4 Şubat 2015’te, “Bu ülkede bir daha milli şef özentileri çıkmasın diye ‘başkanlık sistemi’ diyoruz” açıklamasını yapan da Erdoğan’dı.

‘ERDOĞAN MİLLİ ŞEF OLMAK İSTİYOR’

AK Parti, Cumhurbaşkanının görev ve yetkileri ile ilgili mini anayasa paketini geçtiğimiz haziran ayında gündeme getirmeyi planlıyordu.

MHP’nin üç gün önce partiden ihraç ettiği, milletvekili Ümit Özdağ 11 Mayıs 2016 tarihinde Erdoğan’ın istediğinin ‘Milli Şeflik’ olduğunu söylemişti. "1961’e kadar zaten Türkiye’de partili Cumhurbaşkanlığı uygulanmıştır ve özellikle bugün Erdoğan ve taraftarlarının sürekli eleştirdiği Milli Şeflik döneminde de bu sistem vardı" diyen Özdağ'a göre, "Erdoğan, yıllardır eleştirdiği Milli Şefliğe öykünüyor"du...
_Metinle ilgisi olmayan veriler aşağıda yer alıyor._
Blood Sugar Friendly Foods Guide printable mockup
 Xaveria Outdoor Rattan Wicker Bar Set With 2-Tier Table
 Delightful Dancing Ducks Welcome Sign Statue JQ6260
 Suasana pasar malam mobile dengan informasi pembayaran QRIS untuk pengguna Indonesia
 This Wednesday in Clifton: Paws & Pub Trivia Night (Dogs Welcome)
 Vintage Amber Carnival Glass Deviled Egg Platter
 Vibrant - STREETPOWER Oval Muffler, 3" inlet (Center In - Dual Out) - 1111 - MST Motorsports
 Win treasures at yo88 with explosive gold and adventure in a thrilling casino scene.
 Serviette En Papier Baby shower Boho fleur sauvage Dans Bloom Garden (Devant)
Bütün bunların ışığında, AK Parti’nin Meclis’e sunduğu teklifte aslında şaşırtıcı hiçbir unsur yok. Nitekim AK Parti’den ve Külliye’den ‘tam başkanlık’ın işaret edildiği günlerde, 24 Ekim 2016’da HDP Parti Sözcüsü Ayhan Bilgen, Duvar’a yaptığı açıklamada, ‘Başkanlık talebi bir taktik. Erdoğan aslında partili cumhurbaşkanlığı istiyor. Bu, klasik başkanlıktan çok daha tehlikelidir’ dedi.

Ümit Özdağ ile ideolojik hiçbir ortaklığı bulunmayan HDP’li Ayhan Bilgen’i aynı noktada buluşturan ‘partili cumhurbaşkanı’ sistemi, Özdağ ve Bilgen’e göre, ‘denge-denetim bakımından çok kötü bir sistem ve varacağı yer, daha da otoriterleşme!’